22 December: 28 anti-virus engines detected this file. Better, but still missed by some
22 December: 28 anti-virus engines detected this file. Better, but still missed by some

It also turns out that this virus, like many others, is able to regenerate itself completely it at least one of its components manages to run at least once, which makes detecting all of them an high-requirement for a complete protection and clean-up. Unfortunately for the consumers and IT professionals, given the complexity of the task, most anti-virus companies give up on detecting all the components and tend to only detect the dropper, the program deploying the payloads into the computer, and the most common viral modules, which may not be enough for a full disinfection for the reasons explained above. It is one of the reasons why my custom BartPE-based Boot CD includes the on-demand scanning components to not less of 5 different anti-virus products, in order to complement each other’s detection weaknesses.

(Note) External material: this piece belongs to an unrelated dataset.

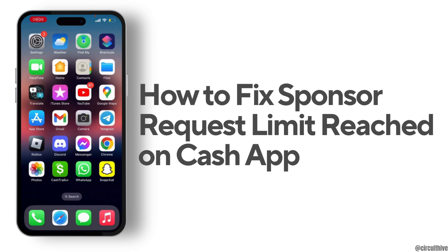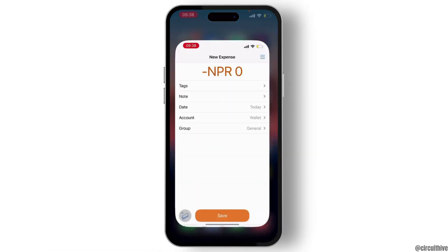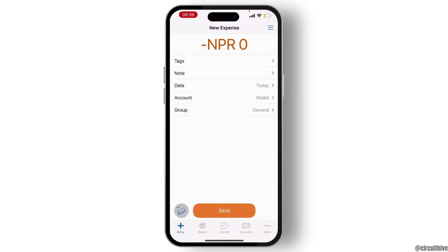How to fix 'sponsor request limit reached' on Cash App. For that, you have four or five alternatives you can apply. The very first thing is you can wait for the limit to reset.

Based on this evaluation of the current situation, I’m still amused by the terminology used by some independently-conducted anti-virus tests such as the VB100 one. It turns out that NOD32 managed to earn the VB100 award more than 50 consecutive times and is one of the few to have achieved such a feat. In addition to its small memory footprint and reasonable use of the computer resources in comparison to the competitors’ usually-bloated software (Norton/McAfee anyone?), the high-detection rate was definitely the most important feature that made me buy this product for my company, and this VB100 test is one of the only test regularly testing a large bench of anti-virus products. To earn this prestigious VB100 award, an anti-virus should, according to the official VB100 website “detect all In the Wild viruses during both on-demand and on-access scanning”. If we are talking about “in the Wild” viruses, NOD32 clearly failed here as it let an infection get through, that was, to me, “in the wild”, my definition of this term being for a particular virus to be able to get caught by users. The term turns out to be rather misleading, though, as it is actually a list compiled by a different organization: the WildList (which website design quite doesn’t inspire the seriousness it should for this kind of topic). This list is actually surprisingly rather small for a so-called “in the Wild virus” list and a term like “most encountered/widespread viruses” certainly would be more suitable. This test along with its surprisingly confusing terminology causes users to feel safer than they actually are. Users tend to believe that an anti-virus is like a force-field around their computer and that nothing can get through it: after all, they paid for it, so they expect for it to do its job, don’t they?